As Congress gears up to make another run at addressing immigration, a new in-depth survey of registered voters from the Program for Public Consultation (PPC) at the University of Maryland presented the major proposals under consideration and found that six in ten oppose spending $25 billion to strengthen the southern border, primarily through building a wall, but half favor some new spending.
In addition, a very large bipartisan majority—eight in ten—support extending the DACA program, providing legal status for 1.8 million immigrants who came to the U.S. illegally as children (“Dreamers”), and giving them a pathway to citizenship. Meanwhile, very large majorities oppose the proposals to eliminate the program that provides green cards to the parents, siblings and adult children of U.S. citizens and the visa lottery. However, in both cases, six-in-ten favor cutting them back to some extent.
The survey was conducted by PPC and released by the nonpartisan organization Voice of the People. To ensure that respondents understood the issue, they were given a short briefing on the U.S. immigration program and the proposals for reforming it under consideration in Congress. The content was reviewed by proponents and opponents of the proposals, to ensure the briefing was accurate and balanced, and the strongest arguments were presented.
The border wall is a partisan issue
Asked about “the government spending $25 billion to build a stronger barrier along the southern border with Mexico, primarily by building a wall,” 58 percent were opposed. Responses were highly partisan, with 78 percent of Republicans in favor and 93 percent of Democrats opposed. Independents leaned against the idea with 55% opposed. Majorities were opposed in two states that abut the southern border—Texas (55 percent) and California (67 percent)—as well as Florida (55 percent).
Those who opposed were asked a follow-on question about whether they would favor spending some amount to build a stronger barrier. Ten percent (of the full sample) favored an increase. Combined with the 41 percent who favored the $25 billion, 51 percent favored some increase. Asked how much they favored spending, the amounts proposed were generally low, and some backed away from the idea, so that less than half of the full sample supported spending $1 billion or more.
Dreamer citizenship has bipartisan support
Respondents evaluated the proposal to create a legal status for the 1.8 million immigrants eligible under the DACA program and make them eligible to apply for citizenship in 10-12 years. It was approved by an overwhelming 80 percent, including 69 percent of Republicans as well as 92 percent of Democrats, and in Texas (79 percent), Florida (77 percent), and California (84 percent).
“While Democrats and Republicans in Congress are having tremendous difficulty finding any common ground on immigration, the majority positions of the public—after hearing both sides of the issues—point to some possible areas of agreement,” said Steven Kull, director of PPC, in a news release.
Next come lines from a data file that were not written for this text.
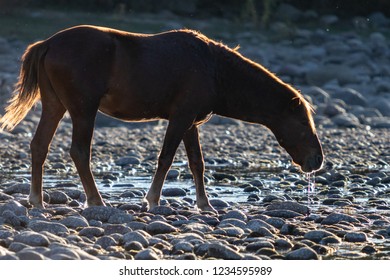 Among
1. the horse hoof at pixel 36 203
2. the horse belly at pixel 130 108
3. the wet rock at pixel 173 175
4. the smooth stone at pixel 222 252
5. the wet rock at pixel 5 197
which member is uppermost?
the horse belly at pixel 130 108

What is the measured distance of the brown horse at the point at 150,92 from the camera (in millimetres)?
9383

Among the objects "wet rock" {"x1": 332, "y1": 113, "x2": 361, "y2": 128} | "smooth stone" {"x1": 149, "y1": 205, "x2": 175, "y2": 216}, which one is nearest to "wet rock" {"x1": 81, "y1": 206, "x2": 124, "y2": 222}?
"smooth stone" {"x1": 149, "y1": 205, "x2": 175, "y2": 216}

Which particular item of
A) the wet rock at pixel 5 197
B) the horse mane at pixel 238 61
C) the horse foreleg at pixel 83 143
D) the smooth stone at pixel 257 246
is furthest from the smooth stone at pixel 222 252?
the wet rock at pixel 5 197

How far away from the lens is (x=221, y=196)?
11445 millimetres

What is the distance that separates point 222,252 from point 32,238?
1414mm

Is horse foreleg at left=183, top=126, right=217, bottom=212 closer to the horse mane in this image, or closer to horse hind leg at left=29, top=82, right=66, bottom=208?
the horse mane

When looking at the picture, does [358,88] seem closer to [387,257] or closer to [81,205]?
[81,205]

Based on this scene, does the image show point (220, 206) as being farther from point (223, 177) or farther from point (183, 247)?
point (183, 247)

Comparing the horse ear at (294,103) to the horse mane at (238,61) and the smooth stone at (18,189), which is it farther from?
the smooth stone at (18,189)

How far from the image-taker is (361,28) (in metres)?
34.5

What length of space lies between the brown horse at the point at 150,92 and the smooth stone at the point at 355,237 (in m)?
1.99

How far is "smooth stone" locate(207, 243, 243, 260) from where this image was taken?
Answer: 24.5ft

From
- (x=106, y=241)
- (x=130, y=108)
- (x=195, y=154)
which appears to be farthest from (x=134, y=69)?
(x=106, y=241) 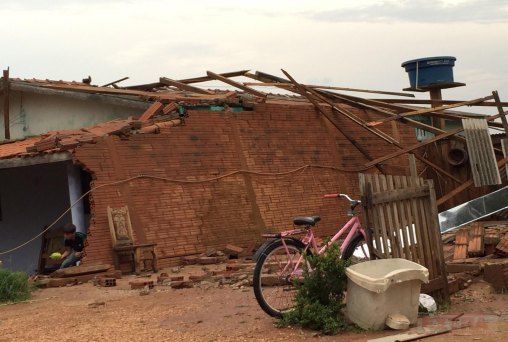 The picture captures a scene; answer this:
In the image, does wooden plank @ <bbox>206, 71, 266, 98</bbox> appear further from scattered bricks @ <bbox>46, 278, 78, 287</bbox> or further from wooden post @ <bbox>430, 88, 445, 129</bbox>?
scattered bricks @ <bbox>46, 278, 78, 287</bbox>

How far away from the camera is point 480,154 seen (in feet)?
51.9

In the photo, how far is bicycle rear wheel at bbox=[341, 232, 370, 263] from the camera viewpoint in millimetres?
8062

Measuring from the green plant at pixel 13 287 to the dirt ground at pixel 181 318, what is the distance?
212mm

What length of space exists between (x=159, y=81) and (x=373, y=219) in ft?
34.9

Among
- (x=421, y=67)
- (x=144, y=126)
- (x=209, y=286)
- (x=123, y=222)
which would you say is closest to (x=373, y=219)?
(x=209, y=286)

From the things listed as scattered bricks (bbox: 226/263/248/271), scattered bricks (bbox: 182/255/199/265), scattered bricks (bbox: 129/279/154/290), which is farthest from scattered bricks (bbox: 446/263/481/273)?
scattered bricks (bbox: 182/255/199/265)

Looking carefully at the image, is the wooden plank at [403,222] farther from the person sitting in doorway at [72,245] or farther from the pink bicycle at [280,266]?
the person sitting in doorway at [72,245]

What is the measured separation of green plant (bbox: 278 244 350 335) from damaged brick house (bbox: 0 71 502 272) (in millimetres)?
6047

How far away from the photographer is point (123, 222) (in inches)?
500

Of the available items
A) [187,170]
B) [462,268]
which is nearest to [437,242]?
[462,268]

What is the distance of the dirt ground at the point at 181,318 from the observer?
686 centimetres

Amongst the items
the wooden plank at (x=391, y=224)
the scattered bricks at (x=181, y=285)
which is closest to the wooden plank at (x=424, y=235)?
the wooden plank at (x=391, y=224)

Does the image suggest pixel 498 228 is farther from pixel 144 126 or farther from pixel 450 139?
pixel 144 126

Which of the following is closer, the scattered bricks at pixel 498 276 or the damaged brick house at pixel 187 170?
the scattered bricks at pixel 498 276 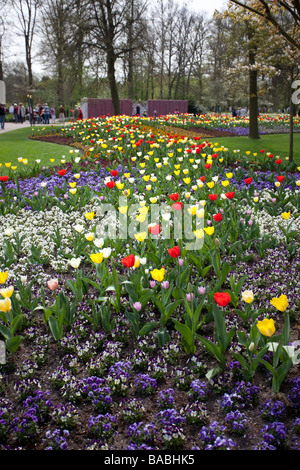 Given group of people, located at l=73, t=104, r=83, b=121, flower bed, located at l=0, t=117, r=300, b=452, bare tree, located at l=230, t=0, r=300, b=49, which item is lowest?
flower bed, located at l=0, t=117, r=300, b=452

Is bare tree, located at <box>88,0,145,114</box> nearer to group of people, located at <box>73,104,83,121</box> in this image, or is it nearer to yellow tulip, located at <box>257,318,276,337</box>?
group of people, located at <box>73,104,83,121</box>

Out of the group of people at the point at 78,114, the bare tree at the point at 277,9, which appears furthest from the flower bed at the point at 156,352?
the group of people at the point at 78,114

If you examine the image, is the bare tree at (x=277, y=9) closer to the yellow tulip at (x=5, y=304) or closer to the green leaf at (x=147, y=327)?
the green leaf at (x=147, y=327)

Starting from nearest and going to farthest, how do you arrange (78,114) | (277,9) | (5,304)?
1. (5,304)
2. (277,9)
3. (78,114)

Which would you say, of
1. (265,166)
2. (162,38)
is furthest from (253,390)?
(162,38)

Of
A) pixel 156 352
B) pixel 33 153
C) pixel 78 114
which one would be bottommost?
pixel 156 352

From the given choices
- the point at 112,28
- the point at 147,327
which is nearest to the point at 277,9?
the point at 147,327

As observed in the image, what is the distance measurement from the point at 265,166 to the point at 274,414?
6542mm

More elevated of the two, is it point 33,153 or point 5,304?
point 33,153

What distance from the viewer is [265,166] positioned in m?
7.88

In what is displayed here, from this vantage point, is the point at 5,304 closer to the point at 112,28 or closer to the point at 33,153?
the point at 33,153

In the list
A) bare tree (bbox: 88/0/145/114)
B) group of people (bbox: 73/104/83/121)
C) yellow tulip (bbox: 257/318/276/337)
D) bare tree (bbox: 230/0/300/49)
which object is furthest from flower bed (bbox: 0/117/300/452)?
group of people (bbox: 73/104/83/121)

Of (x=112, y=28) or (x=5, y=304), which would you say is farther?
(x=112, y=28) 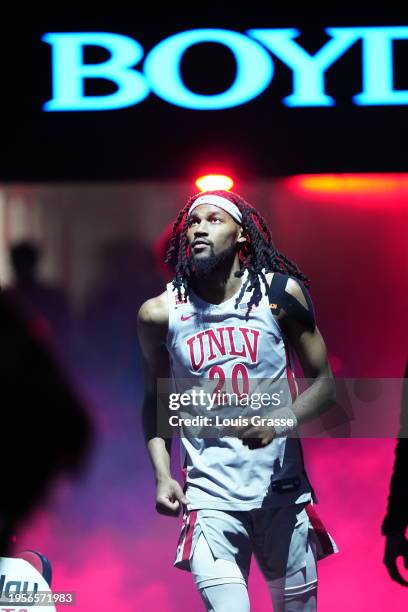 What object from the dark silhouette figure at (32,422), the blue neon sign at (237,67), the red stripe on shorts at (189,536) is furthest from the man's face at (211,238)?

The survey was conducted online from February 21- March 12, 2018 with a national probability-based sample of 2,916 registered voters, provided by Nielsen Scarborough from Nielsen Scarborough’s sample of respondents, who were recruited by mail and telephone using a random sample of households. The national sample of 2,228 registered voters has a margin of error of +/- 2.1%. The sample of 2,916 registered voters included a national sample of 2,228 registered voters, plus three oversampled states—California (400), Florida (418), and Texas (383).